The District of Columbia’s novel stormwater trading program got a piece of “The Rock” Monday, as Prudential Financial Inc. announced it would invest $1.7 million in projects aimed at reducing polluted runoff from the streets of the nation’s capital into the Anacostia and Potomac rivers.
The New Jersey-based financial services company, which claims the imposing Rock of Gibraltar as its symbol, is joining with The Nature Conservancy and Encourage Capital, a socially conscious investment firm in New York, to install permeable pavement, rain gardens and other “green infrastructure” in the District that could be used to offset stormwater impacts from development elsewhere in the city.
In a news release announcing the joint venture, Lata Reddy, Prudential's vice president for corporate responsibility, called District Stormwater LLC an "innovative approach to improving critical environmental infrastructure" that could be a model for dealing with similar problems nationally.
Marc Diaz, managing director for NatureVest, an arm of The Nature Conservancy, said the effort is inspired by the District’s trading program. He called it “a powerful opportunity to accelerate use of green infrastructure through private investment while also reducing the need for public spending on stormwater management.”
Stormwater runoff is a significant and growing source of pollution in the Chesapeake Bay watershed and elsewhere. But cities, especially older, densely developed ones like the District, often struggle to pay for costly remedies.
The projects underwritten by the new venture would be expected to qualify for marketable “credits” under the District’s trading program. Launched nearly three years ago, the program lets land-constrained developers meet some of their mandated runoff retention requirements by buying credits from pollution-curbing projects installed on other sites.
Billed as the first of its kind in the nation, the trading program approved its initial sale of credits in September 2014. Since then, just a couple transactions have occurred, but another 22 development projects are under construction and are candidates to purchase credits, according to Brian Van Wye, chief of the stormwater program for the District Department of Energy and Environment.

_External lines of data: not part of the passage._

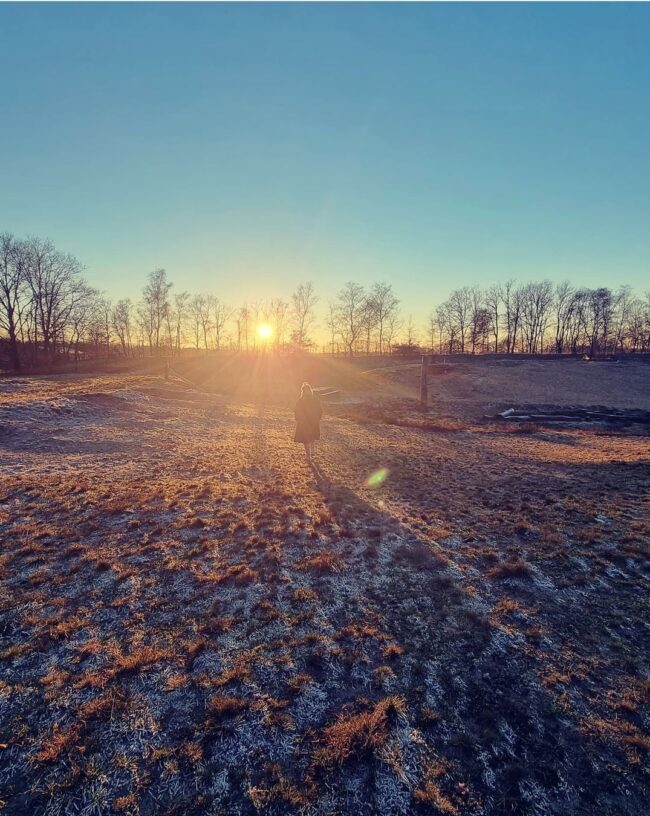 Screenshot_20220213-005947_Instagram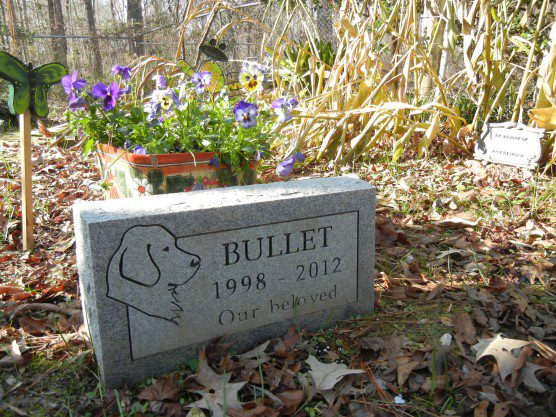 Bullet and Beanie's graves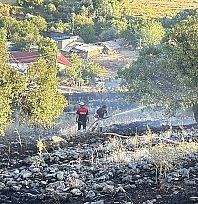 Elazığ'da korkutan yangın!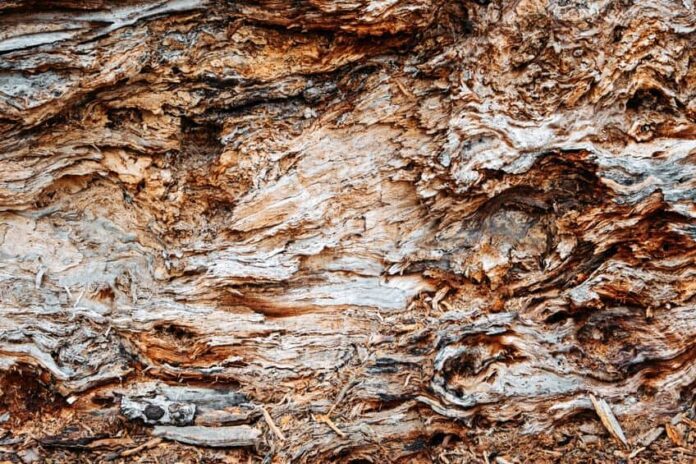 Pattern in Art • ARTMEDIA.BG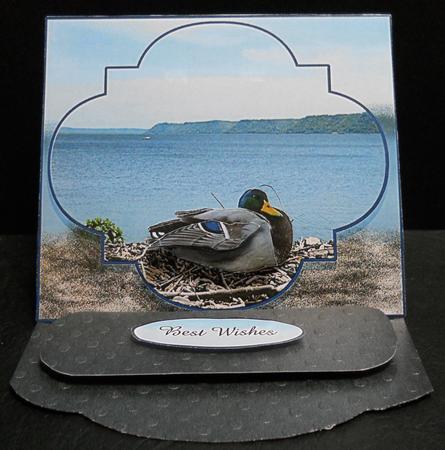 Mississippi Ducks 2 Card Sheet, Envelope to Match is Availab by Yvonne Middleton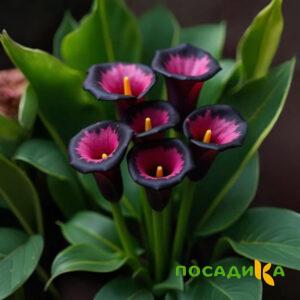 Калла Аура Лейс купить по цене от 400р. в интернет-магазине «Посадика» с доставкой почтой в в Боброве и по всей России – [изображение №1].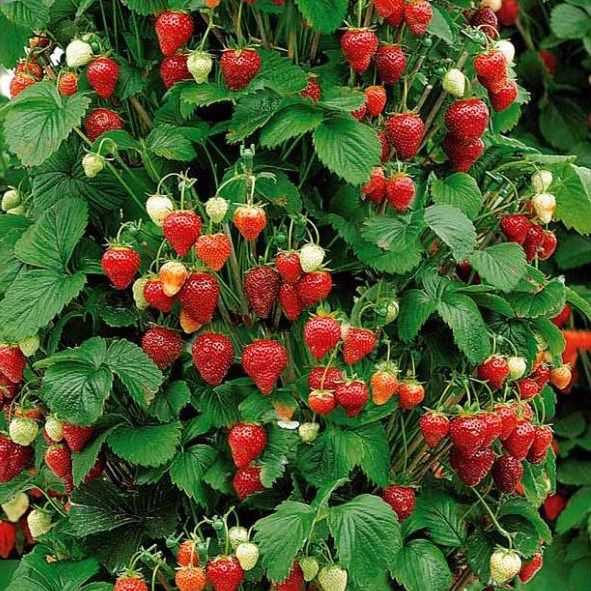 20Pcs Red Strawberry Climbing Strawberry Four Season Fruits Seeds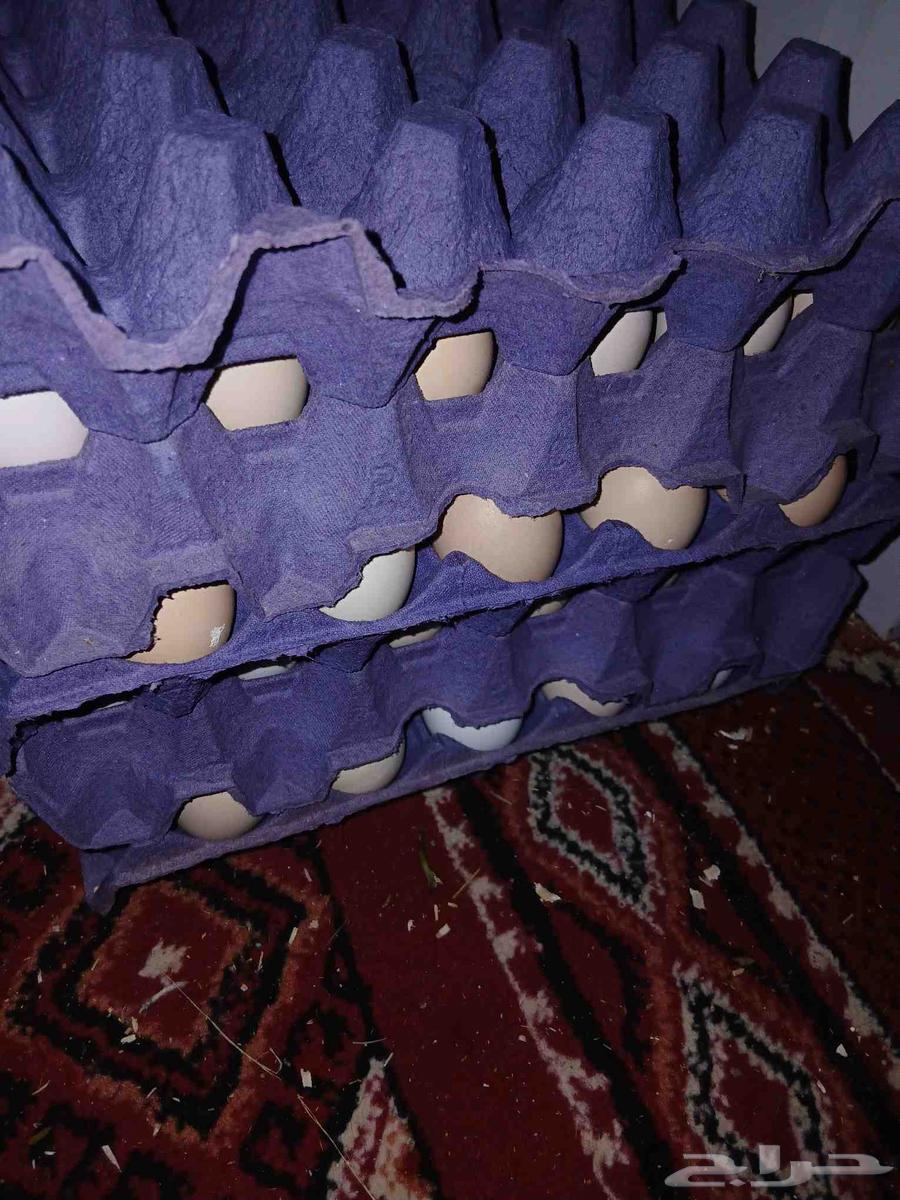 يوجد بيض حق اكل بلدي64461759928579112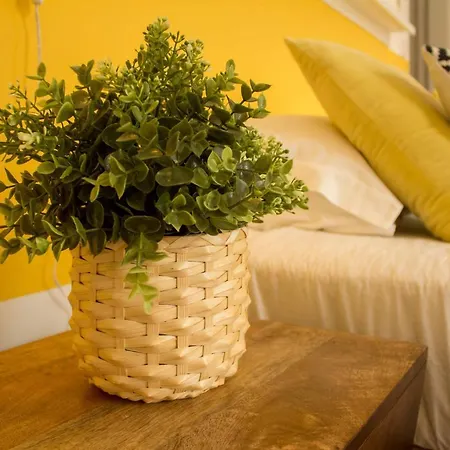 Intendente 1865 فندق مبيت وإفطار 3*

Though there are enough stormwater retention credits available to meet developers’ needs for now, Van Wye said the District’s program is still in its early stages and needs to grow to help restore degraded urban streams. The District government must retrofit its already developed neighborhoods, he said, and officials hope to do it less expensively by buying privately installed stormwater “credits” rather than paying the full construction cost to build rain gardens, green roofs and the like.
The District stormwater chief welcomed the Prudential-backed venture, saying “it’s exactly the kind of thing we want to see happen. I think it is going to help move the market forward.”
This is Prudential's first dip into financing stormwater projects, according to Ommeed Sathe, the company's vice president for "impact investments." But company executives hope this pilot program will be successful, Sathe said in an email, and in any case intend to share what they learn about this attempt to deal with polluted runoff.
The conservancy and Encourage Capital will oversee the effort, which will begin by identifying sites around the District for installing stormwater retention projects.